Return only the lines from the start of the records through the line that contains "Tropical beach scene", inclusive; leave out all pictures.

******************************

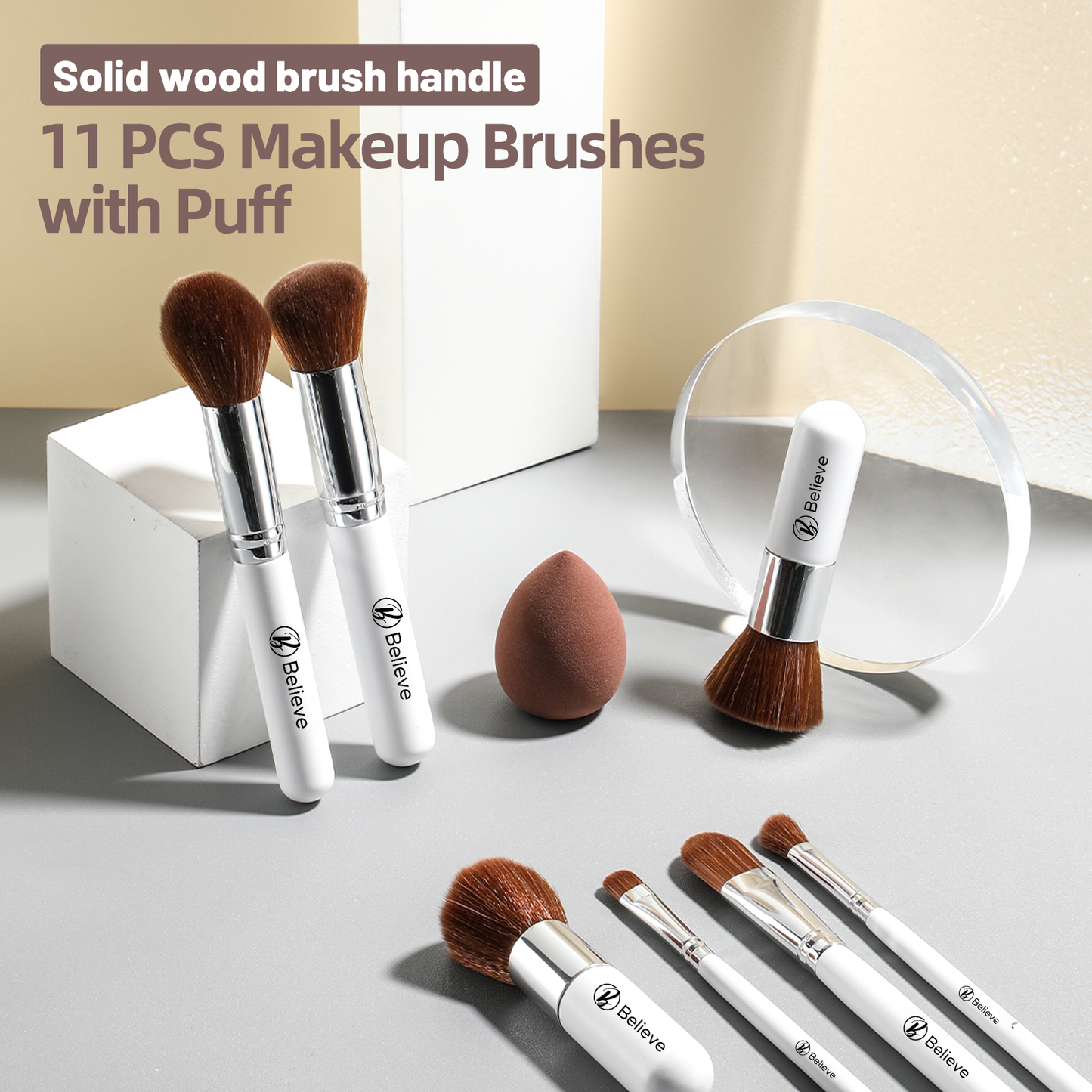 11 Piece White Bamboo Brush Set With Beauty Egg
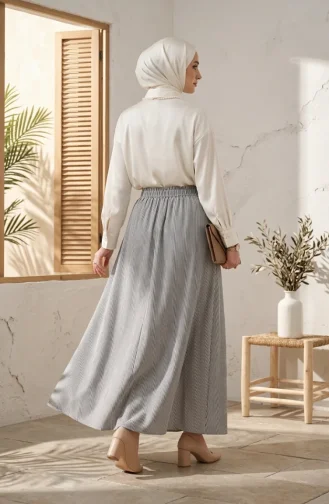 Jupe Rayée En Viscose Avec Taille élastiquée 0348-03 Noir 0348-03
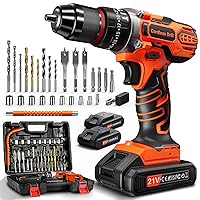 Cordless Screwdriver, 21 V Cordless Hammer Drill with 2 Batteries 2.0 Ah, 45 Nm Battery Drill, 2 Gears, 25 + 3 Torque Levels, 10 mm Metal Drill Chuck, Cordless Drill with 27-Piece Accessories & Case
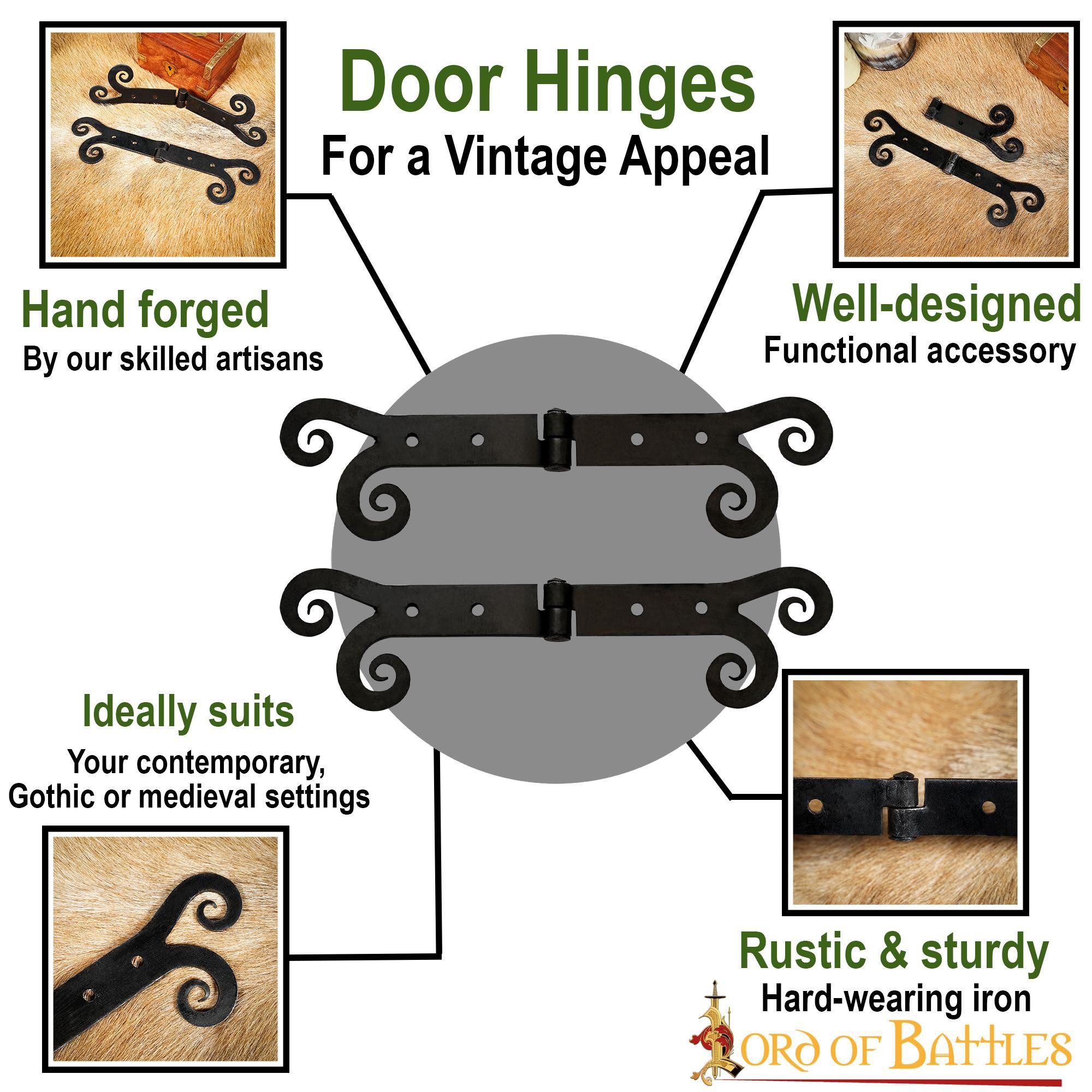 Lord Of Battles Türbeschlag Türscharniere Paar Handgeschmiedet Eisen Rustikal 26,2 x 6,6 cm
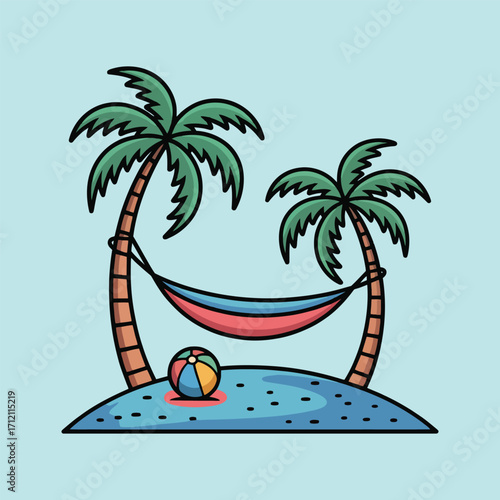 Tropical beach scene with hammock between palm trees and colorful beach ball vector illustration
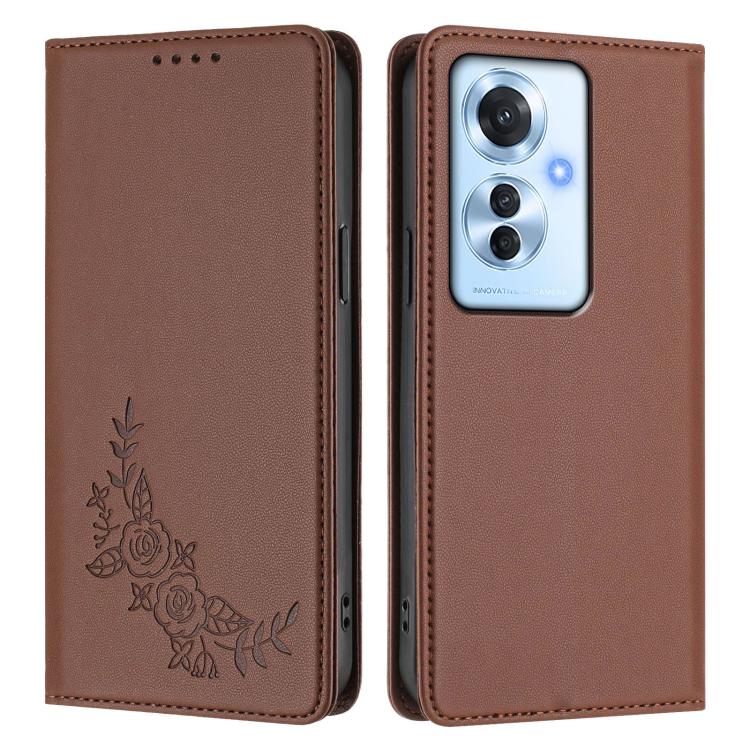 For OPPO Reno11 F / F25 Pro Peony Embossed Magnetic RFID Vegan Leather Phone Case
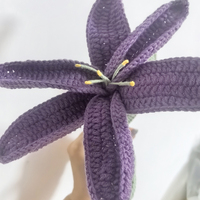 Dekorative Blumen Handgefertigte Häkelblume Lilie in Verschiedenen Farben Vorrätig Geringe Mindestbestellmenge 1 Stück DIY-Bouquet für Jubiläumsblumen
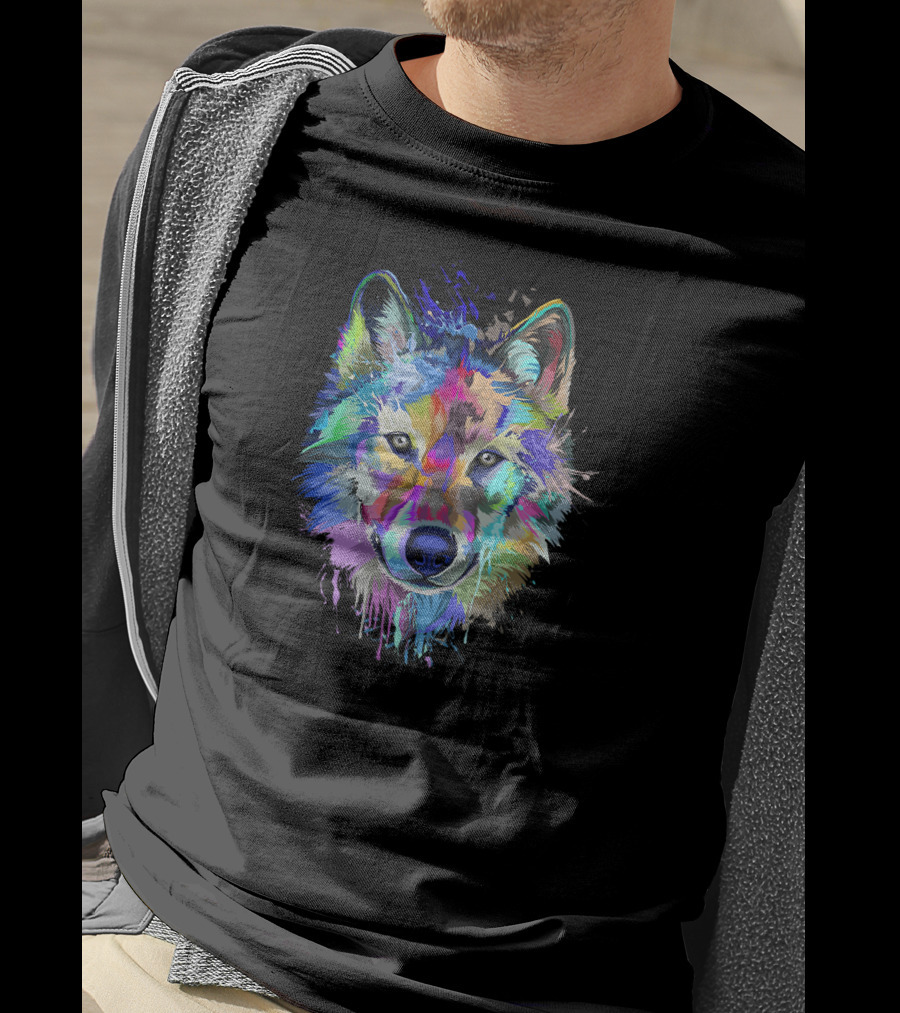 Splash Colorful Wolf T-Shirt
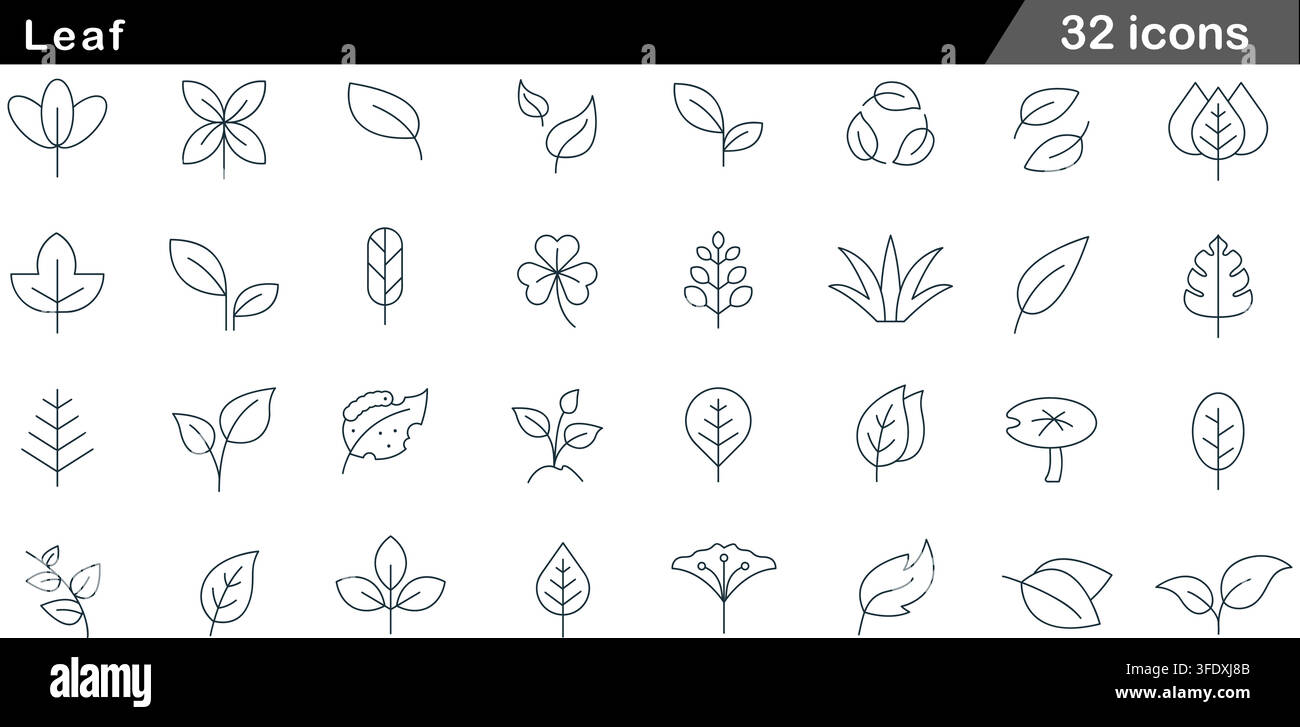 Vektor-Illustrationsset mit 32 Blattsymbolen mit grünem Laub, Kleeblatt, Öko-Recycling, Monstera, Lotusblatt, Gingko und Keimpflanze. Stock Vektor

******************************

> _Reply_:
 11 Piece White Bamboo Brush Set With Beauty Egg
 Jupe Rayée En Viscose Avec Taille élastiquée 0348-03 Noir 0348-03
 Cordless Screwdriver, 21 V Cordless Hammer Drill with 2 Batteries 2.0 Ah, 45 Nm Battery Drill, 2 Gears, 25 + 3 Torque Levels, 10 mm Metal Drill Chuck, Cordless Drill with 27-Piece Accessories & Case
 Lord Of Battles Türbeschlag Türscharniere Paar Handgeschmiedet Eisen Rustikal 26,2 x 6,6 cm
 Tropical beach scene with hammock between palm trees and colorful beach ball vector illustration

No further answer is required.